India's Emerging Market Positioning Reset as Risk Sentiment Shifts
Market Sentiment Soars in Risk-Off Phase Amid Geopolitical Tensions
India has been in a sustained foreign institutional investor (FII) risk-off phase since late 2024, which intensified in March amid rising geopolitical tensions and oil-price volatility. Sentiment softened as the expected duration of the conflict became less clear, raising concerns about domestic growth and potential earnings downgrades as crude moved above $100. FII outflows, profit booking by retail investors, and a moderation in domestic institutional investor (DII) buying together amplified the decline in equity markets. FIIs have sold about $16.5 billion over the past 12 months in India, of which $11.5 billion is in this month, among the highest across emerging markets.

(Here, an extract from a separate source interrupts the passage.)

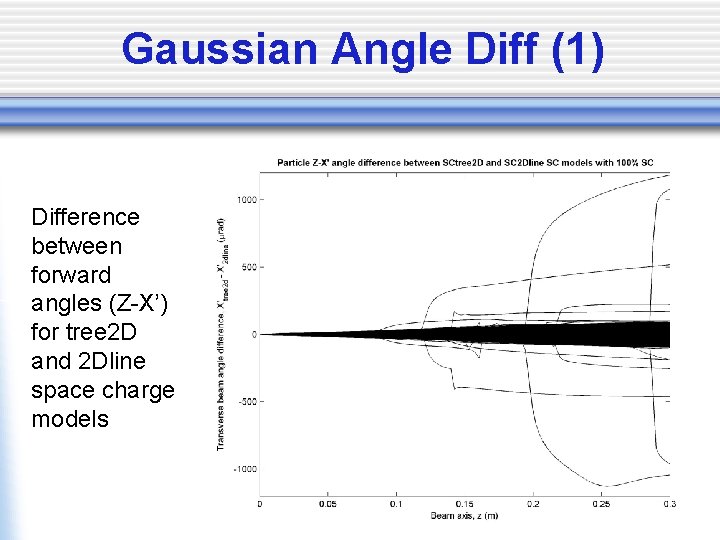 Gaussian Angle Diff (1) Difference between forward angles (Z-X’) for tree 2 D and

A key driver of the selling has been India’s premium valuation. As a result, market valuations have corrected toward the lower end of their five-year range after historically trading at a premium supported by strong macro fundamentals and robust domestic participation. The Nifty 50 is down 13.5% from its 52-week high. This correction puts the market in a more favorable position for a rebound, assuming the geopolitical conflict remains short-lived.

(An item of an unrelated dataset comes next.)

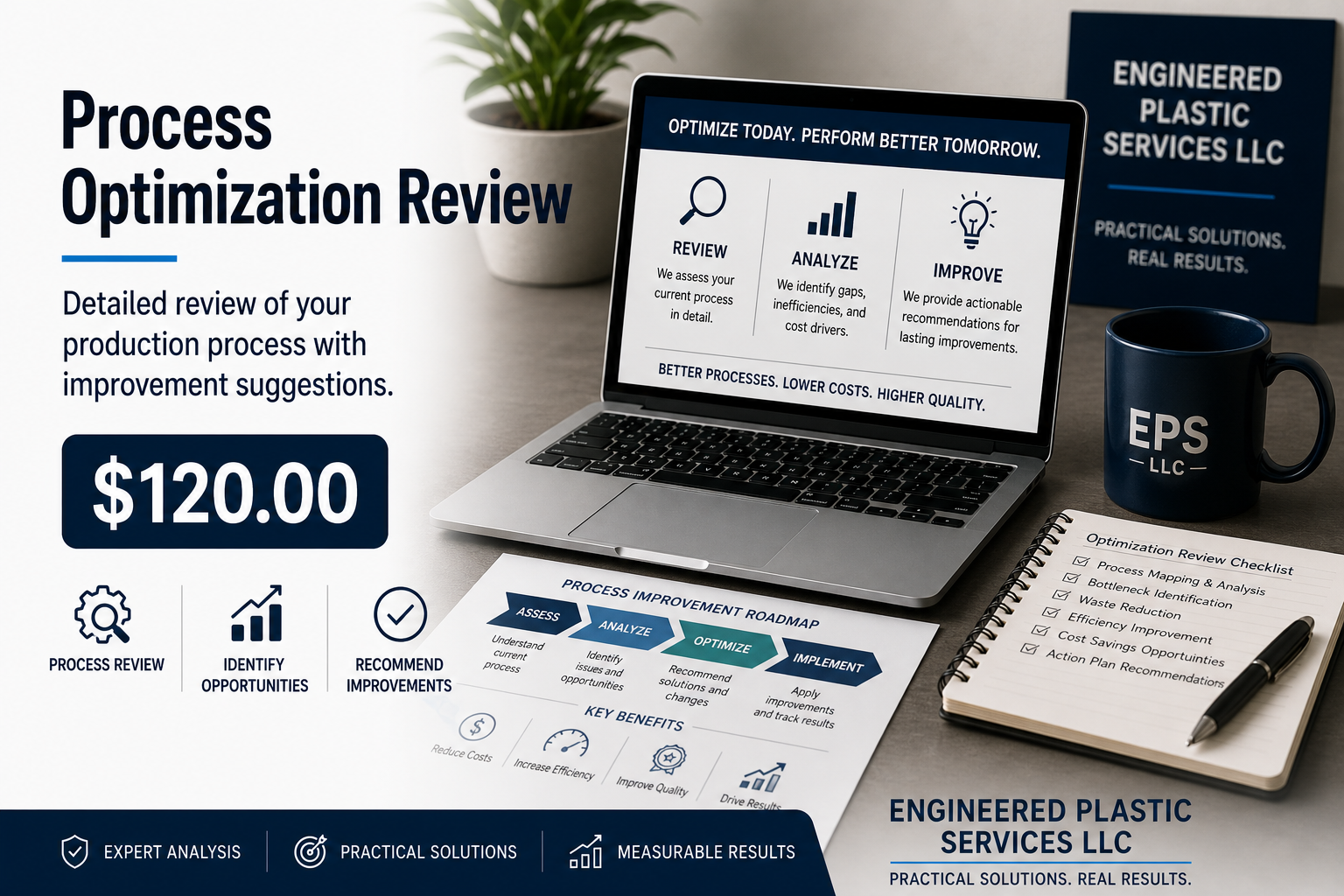 Process Optimization Review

| Sector | Index Decline |
|---|---|
| Realty | 36% |
| Media | 29% |
| IT | 26% |
| FMCG | 20% |
| Auto | 16% |
Several rated stocks and sectors have seen sharp declines in both prices and valuations, creating selective opportunities.
Despite the correction, uncertainty remains elevated given limited signals of a near-term resolution, leaving room for further consolidation. On longer-term valuation metrics (for example, Nifty forward P/E versus its own 15-year average), India does not yet screen compelling enough to justify a broad rerating. The Nifty 50 currently trades at a one-year forward P/E of 17.7x versus a 15-year average of 17.0x (a modest premium).
Looking ahead to the next ~10 days, outcomes from West Asia peace talks and India’s relative positioning within emerging markets will be important for FII sentiment. India’s valuation in US-dollar terms has eased from ~21–22x to ~19x over the past year, but it remains elevated versus its own history. The valuation premium has contracted from ~100% to ~60–65%, which is close to the long-term average—suggesting flows could stabilise gradually.
Historically, geopolitical conflicts tend to increase volatility and weigh on near-term equity performance, but they can also create attractive entry points for long-term investors. A similar pattern is plausible this time: ongoing FII selling and softer domestic inflows (both DII and retail) could improve prospective entry levels, although near-term downside risks remain. Extending the peace-talk window from five days to ten days keeps hopes of resolution alive but also prolongs uncertainty and the risk of further earnings pressure in the near term.
Read also: RBI Policy Preview: A Cautionary Wait Ahead
Investor Takeaway
Investors should be cautious and consider rebalancing their portfolios as the market correction may present a buying opportunity.